▶ [Problem details] Retype only what runs from the first line of the listing to the line holding "Land Rover Range", both included. Do not retype the pictures.

▶ [Records shown]
Segment Open

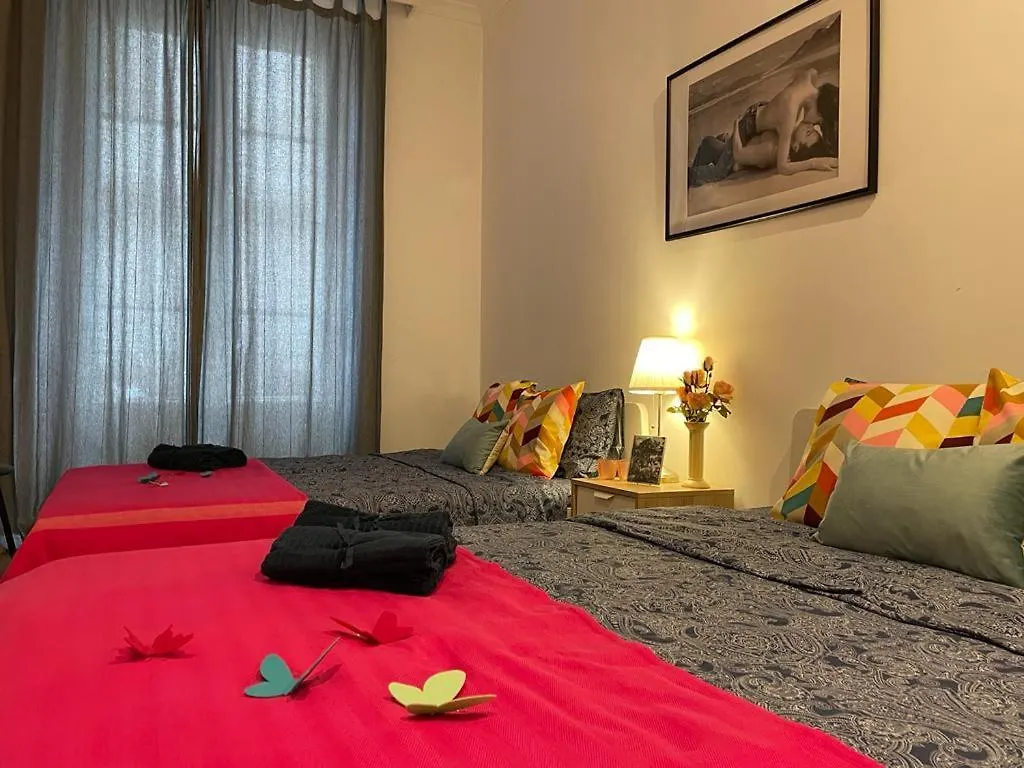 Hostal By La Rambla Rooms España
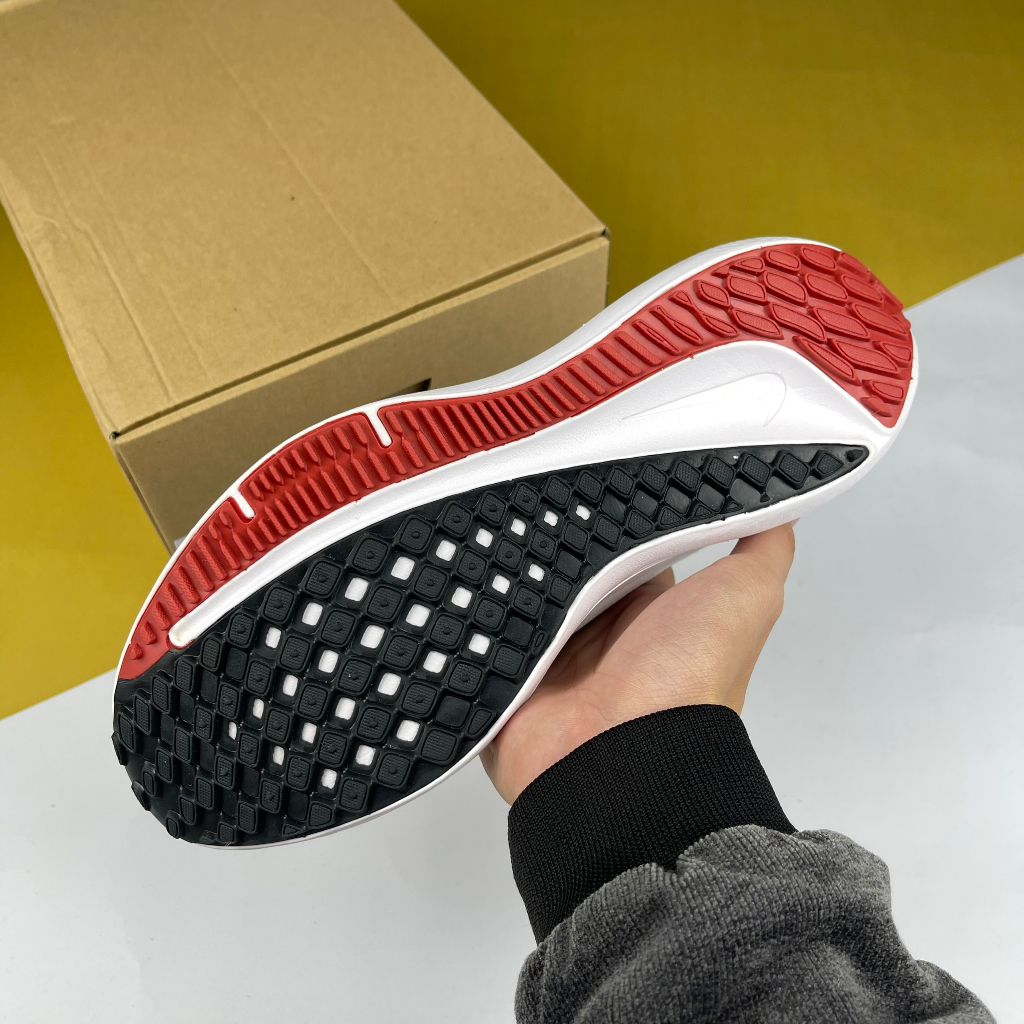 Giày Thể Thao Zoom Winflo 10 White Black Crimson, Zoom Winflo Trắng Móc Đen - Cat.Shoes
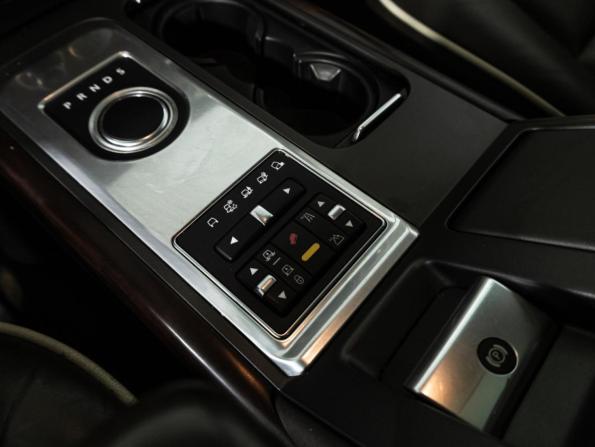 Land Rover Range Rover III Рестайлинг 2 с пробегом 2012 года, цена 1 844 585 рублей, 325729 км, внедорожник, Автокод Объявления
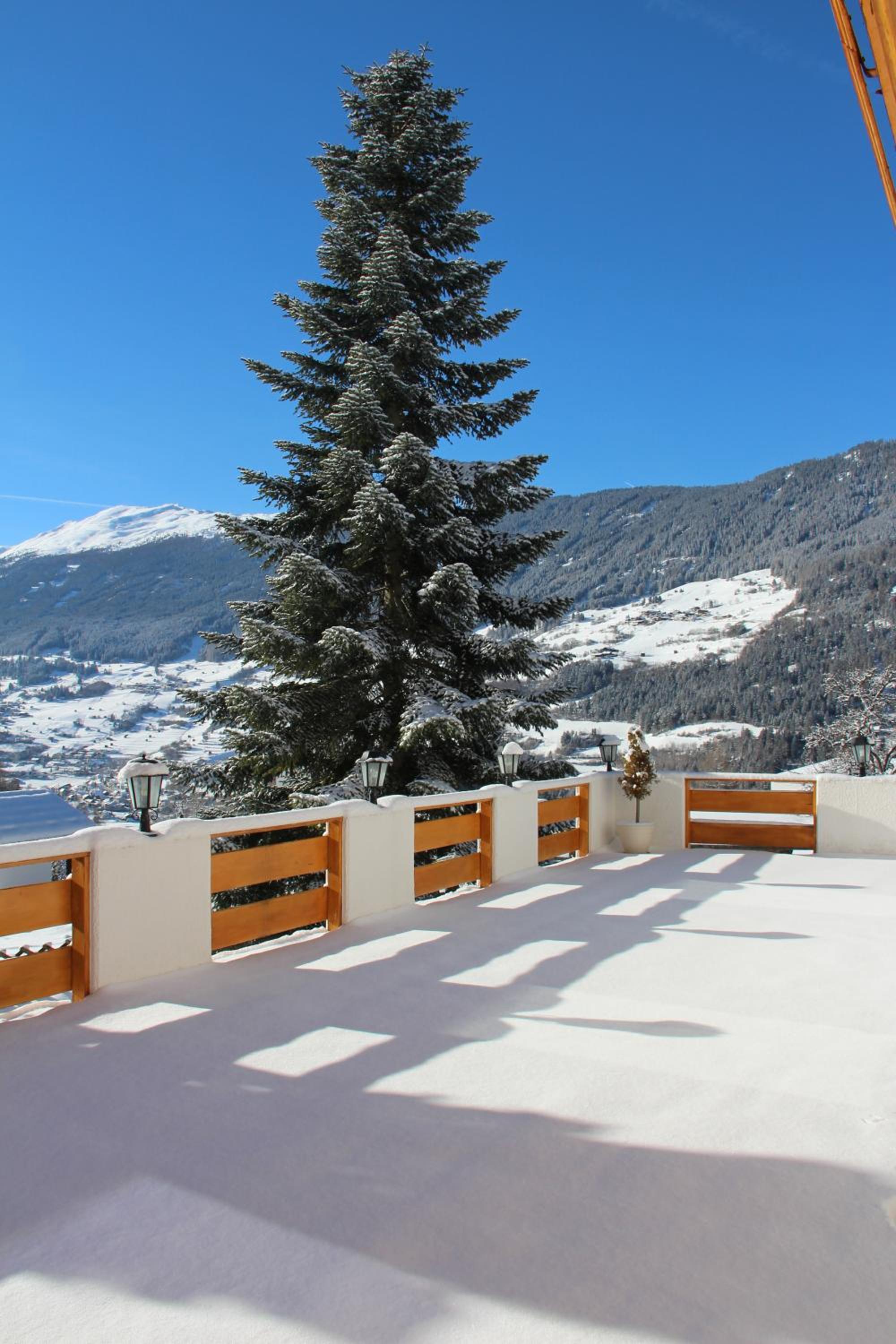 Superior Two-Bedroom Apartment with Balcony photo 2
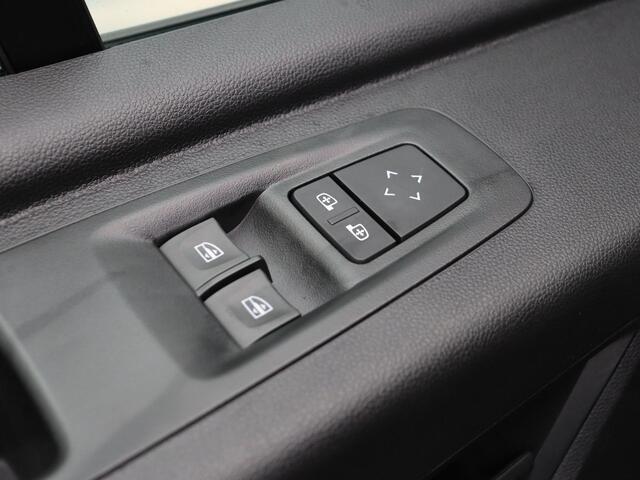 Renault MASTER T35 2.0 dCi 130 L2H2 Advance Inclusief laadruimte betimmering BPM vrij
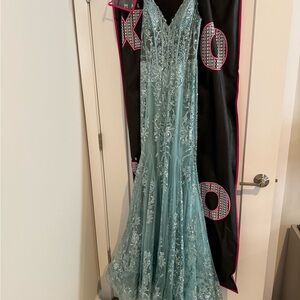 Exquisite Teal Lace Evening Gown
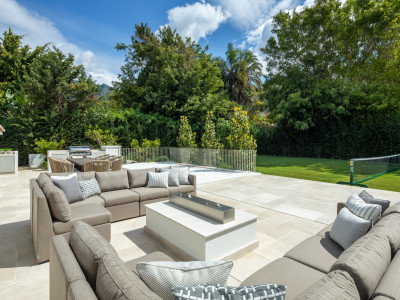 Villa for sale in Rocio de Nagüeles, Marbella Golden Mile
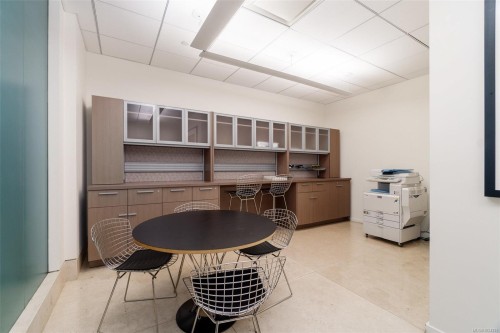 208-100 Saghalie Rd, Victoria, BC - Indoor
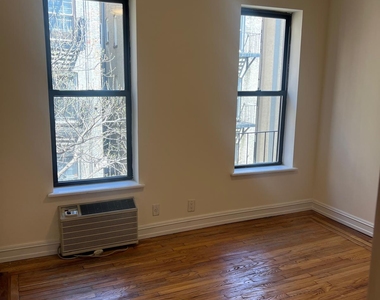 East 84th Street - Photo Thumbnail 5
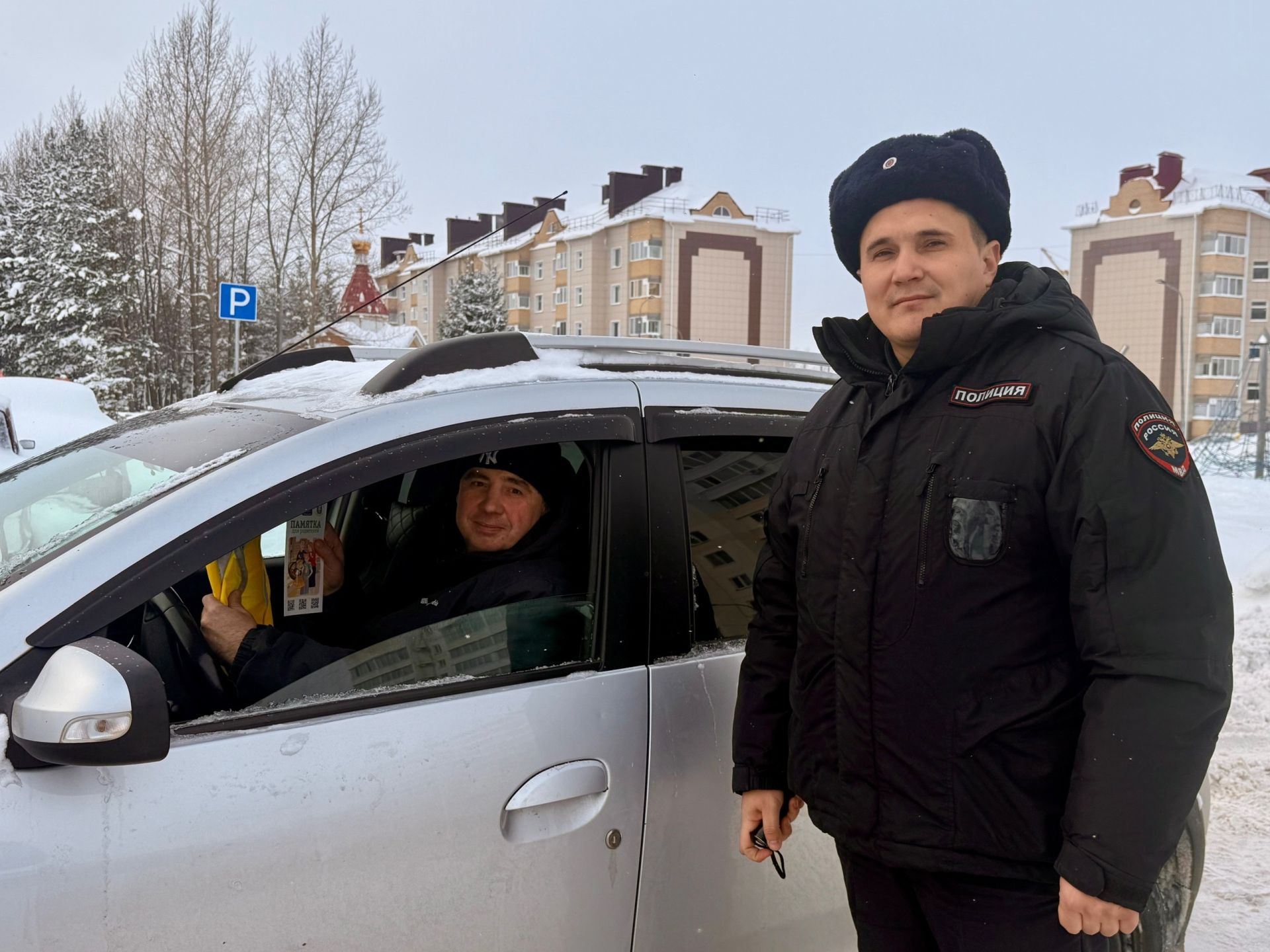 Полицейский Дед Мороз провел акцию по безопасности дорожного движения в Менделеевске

Segment Closed

▶ [Exercise solution]
 Hostal By La Rambla Rooms España
 Giày Thể Thao Zoom Winflo 10 White Black Crimson, Zoom Winflo Trắng Móc Đen - Cat.Shoes
 Land Rover Range Rover III Рестайлинг 2 с пробегом 2012 года, цена 1 844 585 рублей, 325729 км, внедорожник, Автокод Объявления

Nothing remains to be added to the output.